Data records
********************

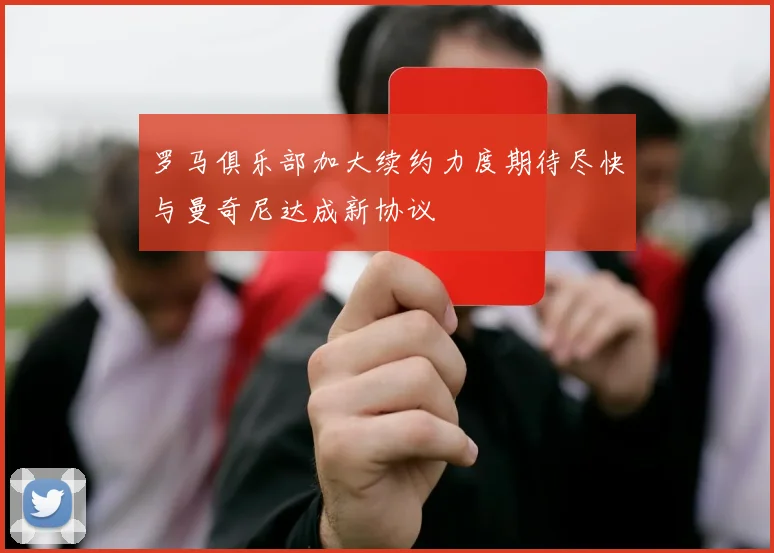 罗马俱乐部加大续约力度期待尽快与曼奇尼达成新协议
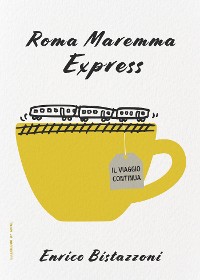 Cover Roma Maremma Express - il viaggio continua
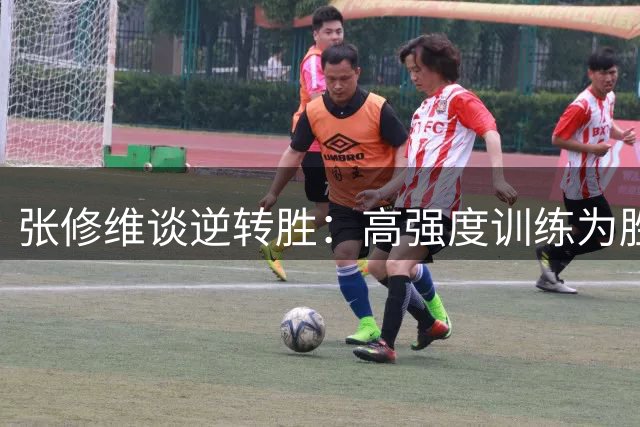 张修维谈逆转胜：高强度训练为胜利奠定基础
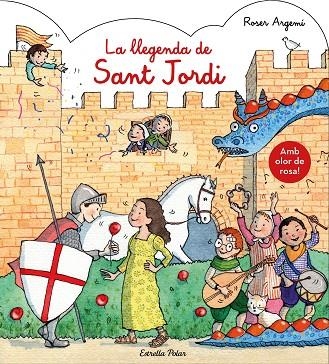 LA LLEGENDA DE SANT JORDI. AMB OLOR | 9788491377122 | ROSER ARGEMÍ | Llibreria Online de Vilafranca del Penedès | Comprar llibres en català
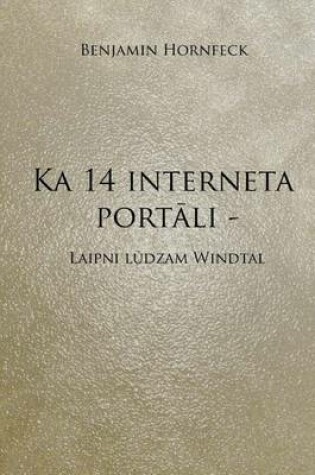 Cover of Ka 14 Interneta Portali - Laipni Ludzam Windtal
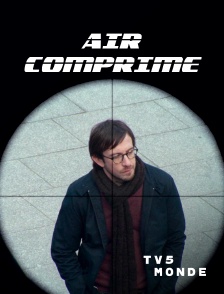TV5MONDE - Air comprimé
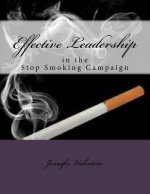 Effective Leadership in the Stop Smoking Campaign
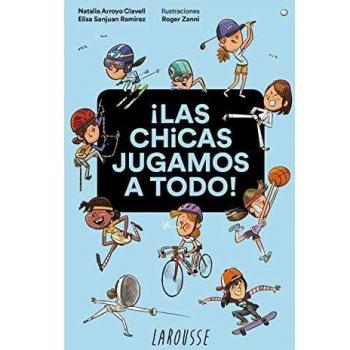 ¡Las chicas jugamos a todo!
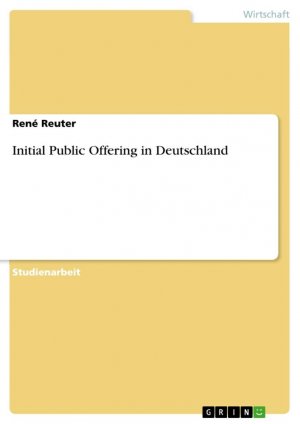 Initial Public Offering in Deutschland / René Reuter / Taschenbuch / Paperback / 28 S. / Deutsch / 2011 / GRIN Verlag / EAN 9783656046592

********************

Problem to solve
Quote, please, every line of the material above from its start through the line that has "jugamos a todo!", reproducing the words exactly and dropping any images.

Your solution
 罗马俱乐部加大续约力度期待尽快与曼奇尼达成新协议
 Cover Roma Maremma Express - il viaggio continua
 张修维谈逆转胜：高强度训练为胜利奠定基础
 LA LLEGENDA DE SANT JORDI. AMB OLOR | 9788491377122 | ROSER ARGEMÍ | Llibreria Online de Vilafranca del Penedès | Comprar llibres en català
 Cover of Ka 14 Interneta Portali - Laipni Ludzam Windtal
TV5MONDE - Air comprimé
 Effective Leadership in the Stop Smoking Campaign
 ¡Las chicas jugamos a todo!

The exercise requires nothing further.